La 13e D.B.L.E. débarque à Saïgon le 10 mars 1946.
• La 13e D.B.L.E. est engagée des frontières du Siam jusqu’à Tourane, en passant par la plaine des Joncs. Ses bataillons sont éparpillés.
• Le 1er bataillon au Cambodge, poursuit les Khmers issarak, qui se réfugient au Siam.
• Le 2e bataillon au Centre Annam, défend Tourane, dégage Hué et installe une série de postes autour de Quang Nam.
• Le 3e bataillon affronte les durs combats de Cochinchine, où les embuscades quotidiennes alternent avec des actions de force.
• Au cours de ces innombrables opérations de nettoyage, le premier combat sérieux a lieu à Mat Cat. A la suite d’un renseignement selon lequel la bande rebelle d’Aubert-Man, responsable de Saïgon, serait regroupée au nord de Tay Ninh, le commandant Charton déclenche une opération avec la compagnie antichar et la section de reconnaissance et d’observation.
• Transportés en camions, ces éléments opérationnels parviennent dans l’après-midi à la piste de Mat Cat et débarquent un peu plus loin ; à deux cents mètres de Ranh Vinh.


• Tandis que les véhicules restent sur place, confiés à la garde de quatorze légionnaires sous les ordres de l’adjudant-chef Bedrich, les autres progressent à pied vers leur objectif. La C.A.C. que commande le capitaine Faucon ne compte que cinquante légionnaires répartis en trois sections, aux ordres des sous-lieutenants Dufour et Rigot et de l’adjudant Struszina.
• Vers 15 heures, le détachement traverse une clairière couverte d’herbes hautes. Le terrain est marécageux. La 1ère section, qui avance le long de la lisière sud, trouve un cantonnement abandonné depuis peu de temps. Des assiettes encore chaudes, des musettes de munitions semblent indiquer que les occupants viennent de partir en hâte. Cependant, un paysan sans arme se trouve encore sur les lieux. Son interrogatoire est à peine commencé qu’un tir violent se déclenche de tous les côtés à la fois, mais surtout des buissons qui se trouvent non loin du bivouac ? Aussitôt, de nombreux rebelles surgissent et foncent sur la section, obligeant celle-ci à se replier vers la lisière nord-ouest, seule direction libre pour éviter l’encerclement.


• Alerté par radio, le capitaine ordonne à la 2e section, qui se trouve plus en avant, de se porter sur le lieu de l’accrochage. L’ordre est exécuté immédiatement, mais un tir formidable d’armes automatiques cloue le renfort sur place. Néanmoins, les légionnaires continuent à avancer en rampant jusqu’à deux cents mètres de la section Dufour.
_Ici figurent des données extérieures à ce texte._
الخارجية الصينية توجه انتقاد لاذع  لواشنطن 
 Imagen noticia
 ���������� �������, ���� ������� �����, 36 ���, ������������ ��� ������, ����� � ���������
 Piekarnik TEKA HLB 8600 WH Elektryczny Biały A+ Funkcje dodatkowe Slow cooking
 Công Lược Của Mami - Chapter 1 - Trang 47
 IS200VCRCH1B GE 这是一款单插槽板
L’ennemi se déploie et avance en tirailleurs, manœuvrant au sifflet, comme une troupe bien entraînée. Son tir devient plus puissant, des grenades V.B. tombent sur les sections. Une mitrailleuse Hotchkiss prend le milieu de la clairière en enfilade ; des snippers tirent du haut des arbres ; à quelque distance, des femmes – attirées par les coups de feu – encouragent les hommes en hurlant. Bientôt, l’adversaire est à distance d’assaut. Au même moment, une partie des rebelles se détache pour venir encercler les éléments groupés autour du capitaine. Le capitaine juge de la situation pour sauver sa compagnie : il lui faut gagner au plus vite les véhicules porteurs d’armes lourdes. Au milieu du déchaînement, il appelle chacun à la radio d’une voix claire ; avec un calme impressionnant ; il ordre ses ordres. Puis il enjoint à l’adjudant-chef Bedrich de pousser ses véhicules le plus loin possible, afin de former une base de feu nécessaire au mouvement de la colonne. Quant à lui, il reste sur place : ‘’Je suis légionnaire, dit-il, je fais Camerone !’’.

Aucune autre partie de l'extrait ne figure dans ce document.